While the numbers show minorities making significant strides in higher education, some educators worry that just as community-college diversity has begun to mirror the nation’s diversity, that reflection might be shattered. Of all the storm clouds that could rain out minorities’ gains in higher education, experts say, most worrisome are the tuition hikes spurred by looming budget deficits.
The situation is especially dire in California, where state appropriations to community colleges have already been reduced by more than $161 million this year. In early August, Gov. Gray Davis signed the 2003-2004 budget, which reduced overall funding for community colleges by $87 million — 1.7 percent. The budget also raised student enrollment fees from the current $11 per unit to $18 per unit, an increase of 64 percent that Davis said could slash community-college enrollments by 6 percent next year.

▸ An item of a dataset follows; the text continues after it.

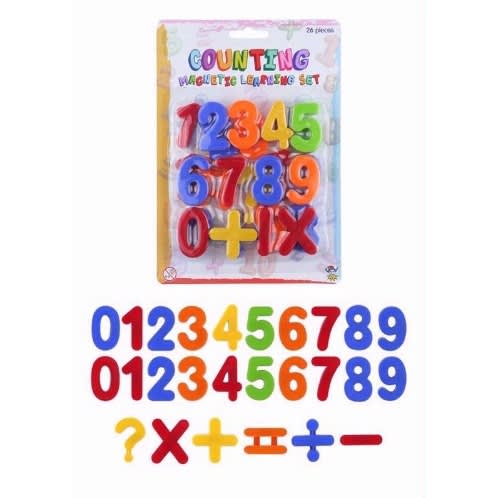 Counting Magnetic Learning Set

“When your cost is $11 per unit you just naturally draw from a far larger pool of potential students, including significant percentages of minority students, who otherwise would not be able to attend an institute of higher education,” said Patrick Perry, vice chancellor of technology, research and information with the California Community College system. “The low cost of our system has been a huge factor in terms of our diversity.”
Others worry that community colleges haven’t moved quickly enough to hire significant numbers of women and minorities for both faculty and administrative positions.
The connection?
“When you have administrators and faculty members who come from the same community where you live, who share your ethnic background, who have gone through the same challenges you are facing, they tend to serve as role models for minority students,” said Dr. James Jacobs, associate director for community-college operations at Columbia University’s Community College Research Center. “This is particularly important for a low-income student, because the relationship between the instructor and student is often the most important factor in determining the success of a community-college student.” On the Move
Despite such concerns, the number of and minorities in leadership roles at two-year institutions has been increasing. According to the American Council on Education, the percentage of minorities at the helm of community colleges is at an historic high. In 2001, 17 percent of all two-year college presidents were minorities — the highest percentage in all of academia — up from 8 percent in 1990.

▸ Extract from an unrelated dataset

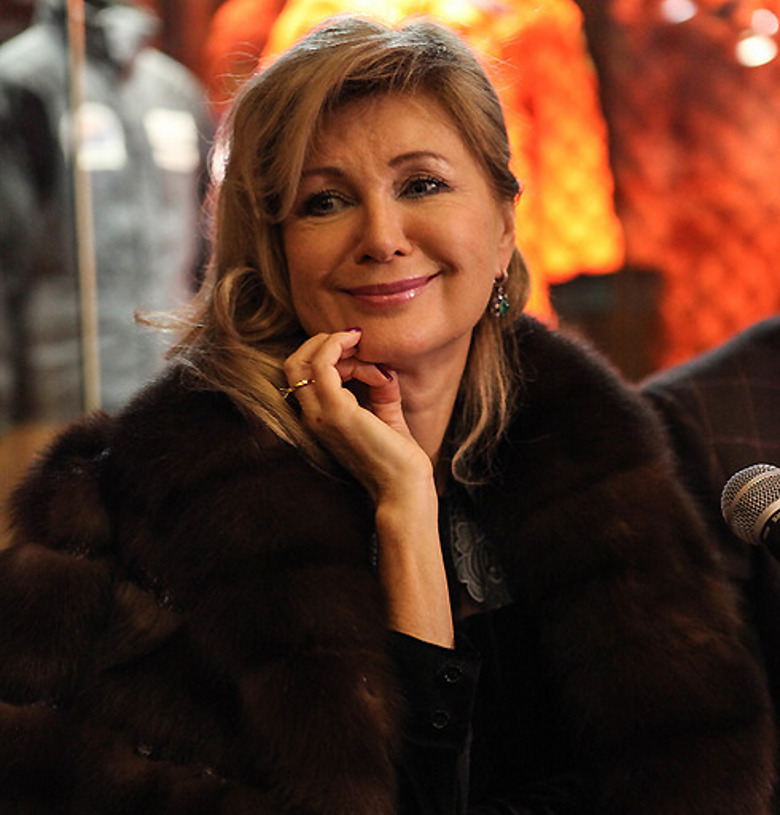 Вика Цыганова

The AACC’s Boggs said those are numbers that should inspire ever greater leaps. “The numbers should be greater,” he said, “but they are a vast improvement over where we were before.”
For those nurturing hopes that those greater strides may be realized, or, alternately, fears that further economic instability and budget tightening may erode gains that have already been made, Dr. Gail Kettlewell, director of the doctor of arts program at George Mason University’s National Center for Community College Education, has a quick response: “Be persistent.”
Kettlewell was part of an administrative team at Manassas Community College in Northern Virginia that helped that school’s minority-student population increase from 17 percent in 1990 to 25 percent in 2002.
“Diversity has to be part of your mission statement,” she said. “It has to be a part of your recruitment and community service and continuing education. It literally has to define the community college itself. Nothing less will do.”
Kettlewell added, “I think the percentage of minority students is only going to increase. But we all have to keep working all of the time to make certain it happens.”